Once it had set for a few hours, I used a plastic scraper to start removing the stripper/finish.  I always just use a piece of scrap cardboard to put the removed stripper on so it’s easier to dispose of.
After about three sessions of stripper, I wiped the top down with mineral spirits to try and remove any further residue.  Don’t be fooled.  Even after this step there was still gunk on here, so I sanded some more.
Finally, after many more hours than I intended, here’s the beautiful cedar wood that was hiding under all those coats of sealer.  I had good intentions of keep the entire piece wood and just re-staining it, etc.  But after the long process on the top, I threw that idea right out the window.  Time to paint this baby!
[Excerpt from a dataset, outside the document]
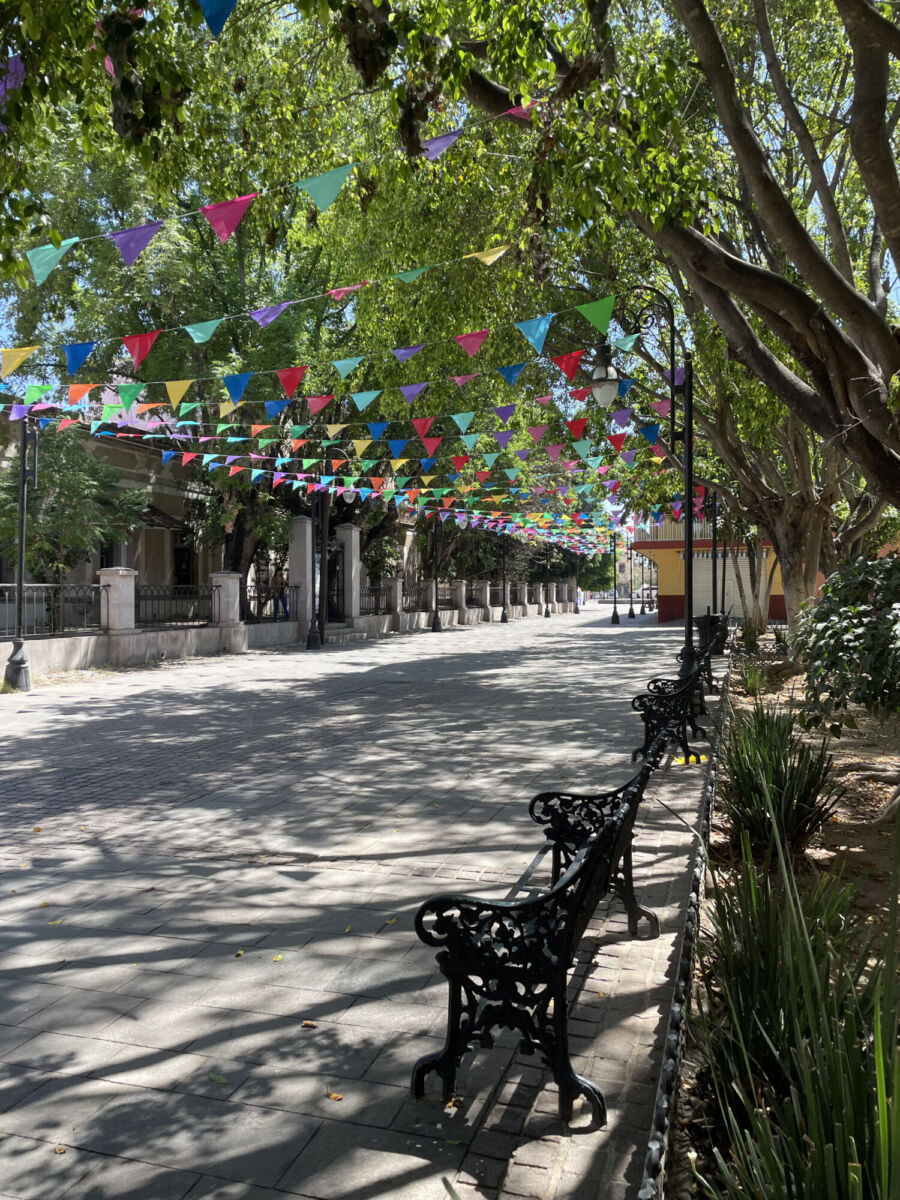Calle tranquila y colorida del Pueblo Mágico de Jalpa de Cánovas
 But first I mixed up a stain that I would use on the top.  I had read various recipes for creating this stain, so I just went with a mix of some…steel wool (I used two pieces) and Apple Cider vinegar.  I put the steel wool in a glass jar and poured enough vinegar over it to cover the steel wool.  I let this set for 24 hours.
In the meantime, I filled in some holes on the top drawer, because I was replacing all the old hardware and had decided to use knobs here.  I just used some spackling we had on hand.  I wasn’t worried about it being perfect, because I knew I wanted the painted look to have texture to it anyways.
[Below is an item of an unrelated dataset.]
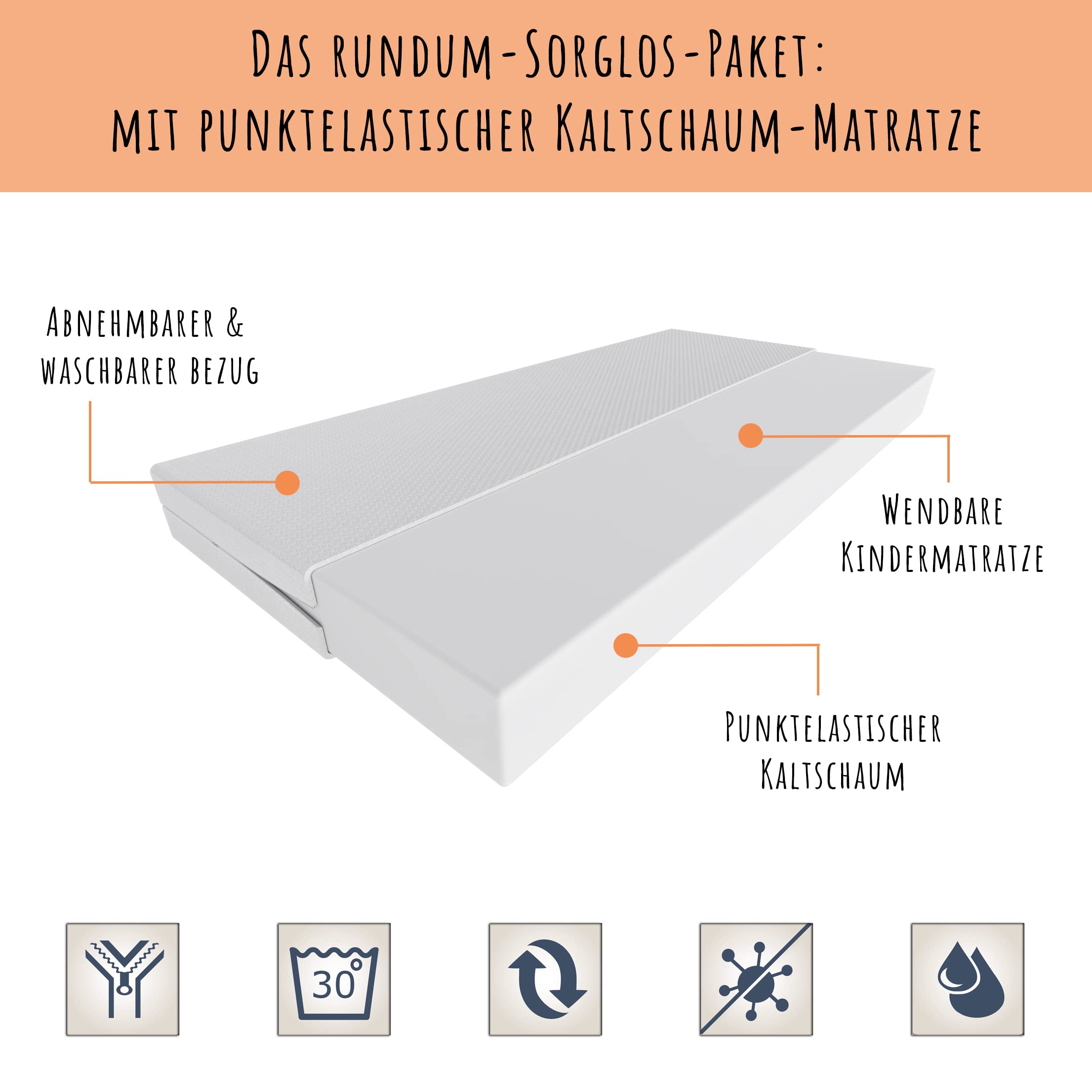 Kids Collective Kinderbett Mädchen Jugendbett 80x160 cm mit Matratze Rausfallschutz & Schublade | Prinzessin Kinder Sofa Couch Bett umbaubar rosa weiß | von 3. bis 10. Lebensjahr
I went to my hardware stash and I decided on the pulls on the right below…slighting rustic, oil rubbed bronze look to them.
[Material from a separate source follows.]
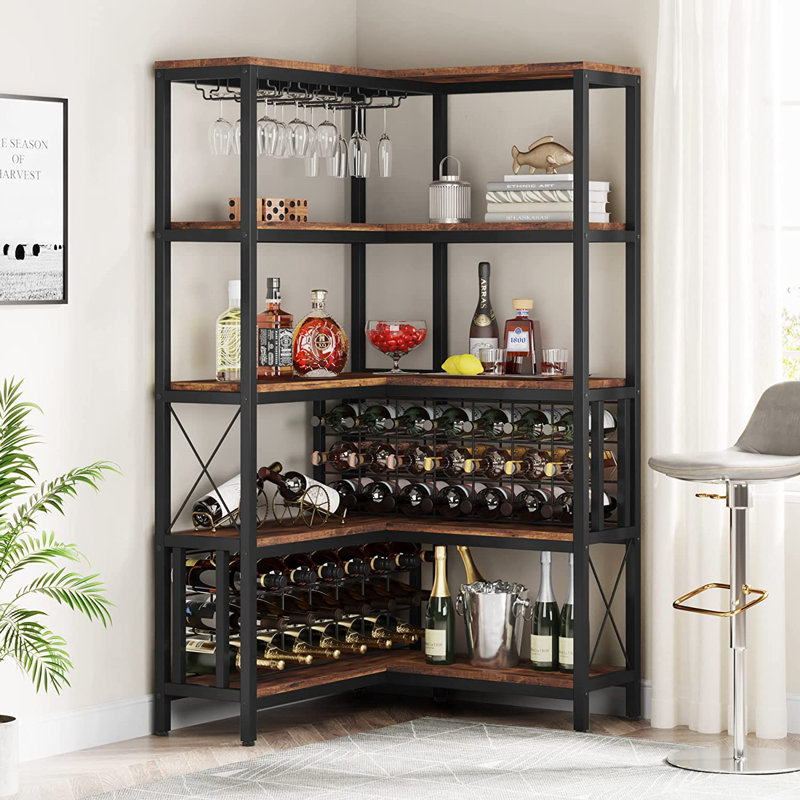 42 Bottle Wine Bottle & Glass Rack, Brown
Then it was time to paint.  Bring on the Annie Sloan.  Not gonna lie…the idea of not sanding or priming this piece enticed me.  The body and the drawers got a sloppy coat of old white.  I did not paint with the grain.  I painted in short strokes going every which direction so that it would have texture in the end.
 You can see the brush strokes in every direction below.
  Next, I used Chateau Gray to paint the edges of everything, so that when I distressed, this color would peek through those areas.
I followed that by another haphazardly painted coat of old white.  I then used my orbital sander with a 220-grit paper to distress this piece.  I absolutely love how the ASCP distresses.  Towards the top right of the picture below, you can see the Chateau Gray peeking through.
Next up, using an old t-shirt, I gave it a coat of Annie Sloan clear wax.  I worked in sections on this step, so that nothing would dry to quickly.  For instance, I worked on one end of the dresser or one drawer at a time.  After rubbing on the clear wax, I put on a generous coat of dark wax with my wax brush.
 You can see how heavy the coat is here….I sorta grab the brush with my fist and work in circles in all directions really working the wax into all the crevices/textured areas.
After the dark wax is applied, I then use the old rag with more clear wax on it and buff off or rub off the dark wax.  What is left behind it a lighter coat of the dark wax and you can also see the dark wax in all the little nooks, crannies, and crevices.  The pictures below are an example of rubbing on the heavy coat of dark wax, and then taking some of it off using the clear wax again.  This process leaves you with the perfect weather look.
Here’s another example.  This is an example of a drawer that has been through the entire wax process, shown beside a drawer that has not been waxed at all.
 Here’s a close up of how the wax stays in the textured areas.
Okay, now let’s go back to the staining issue.  I went to my stain that had been ‘marinating’ for 24 hours.  I through the steel wool out and was left with the very stinky liquid.  Nervously, I used an old rag and rubbed this on my dresser.  Probably should have tested this on something, but I was feeling bold!
 As soon as I put it on, it starting get blotchy.
Very blotchy.  I was scared. As it dried though, the blotchiness went away and I was left with the entire piece looking like a very light, dull gray.  The color was good, but it definitely needed some wax to make it pop.
 I used three coats of clear wax on the top.  I wanted this thing to be extremely durable.  I did the exact same process for the chest.  Both pieces got a thorough cleaning and then I added the hardware and re-assembled it all.  I ABSOLUTELY love the look I ended up with.
 The picture on the left below shows texture that was creating by kind of smushing by brush onto the piece while I was painting.  The one on the right is the texture that was creating by painting with brush strokes going in a variety of directions.
 This picture shows the Chateau Grey coming through and some of the distressing.